Because there weren’t any individual genetic matches to the suspect’s DNA, Moore had to try a “novel, nontraditional” route to narrow down the potential suspect, she said. Given Sinopoli’s Italian ancestry, Moore studied geographical and immigration patterns as well as associated surnames and determined the person linked to the DNA sample had ties to Gasperina, a town in the Calabria region of southern Italy.

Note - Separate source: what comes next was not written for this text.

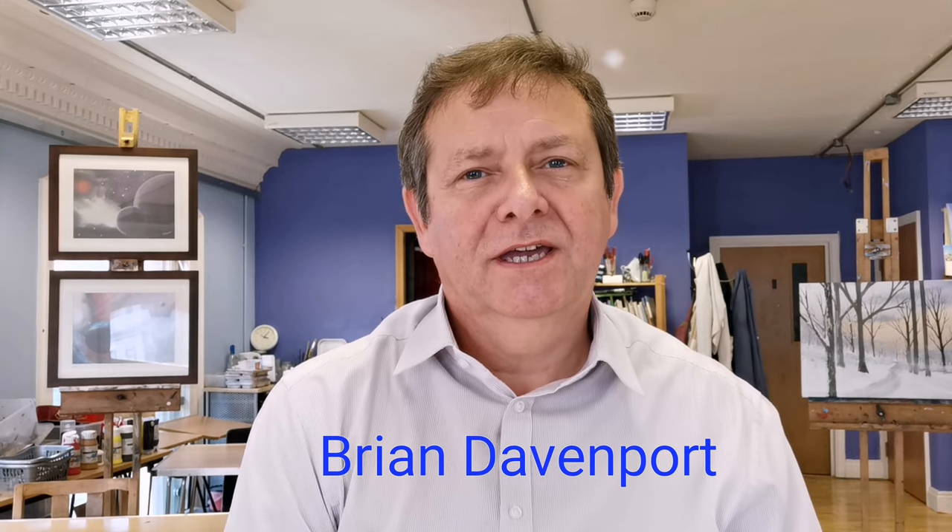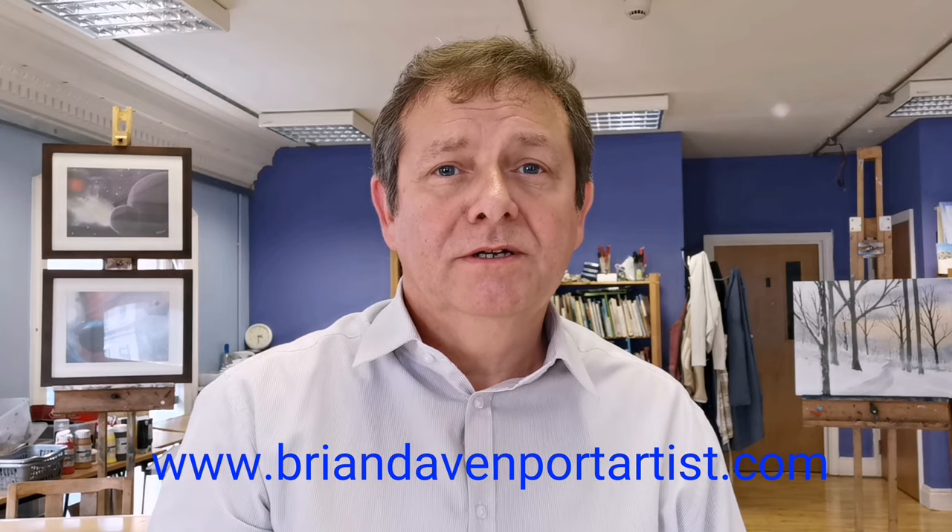Hi, welcome to my studio in Margate in Kent. My name is Brian. I've been painting for many years and I've been running art classes for about 13, 14 years now. I'd like to use this opportunity filming my classes, putting them together so that you can watch and follow along, hopefully learning new things and maybe revisit some old things. Classes and courses I run here support a project I set up about 16 years ago called Looking Ahead, where we work with young adults with learning needs towards realistic work and independent living. Please visit my website www.bryandavenportartist.com and don't forget to like or subscribe. So let's get started.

“There were very few individuals living in Lancaster at the time of the crime that were the right age, gender and had a family tree consistent with these origins, so this allowed me to prioritize candidates whose descent was determined to be exclusively from families with origins in Gasperina,” Moore said.

Sinopoli and Biechler had lived in the same four-unit building of the apartment complex at one point, Adams said during a news conference Monday, but did not specify when. Other than being neighbors, Adams did not elaborate on how the pair may have been connected.

Investigators kept a close watch on Sinopoli through surveillance, and on February 11, “investigators surreptitiously obtained DNA from Sinopoli from a coffee cup he used and threw into a trash can before traveling at the Philadelphia International Airport,” the district attorney’s office said.

“There has been a never-ending pursuit of justice in this case that has led us to identifying and arresting Sinopoli,” Adams said. “Lindy Sue Biechler was on the minds of many throughout the years.”

“Certainly, law enforcement never forgot about Lindy Sue, and this arrest marks the first step to obtaining justice for her and holding her killer responsible,” Adams added.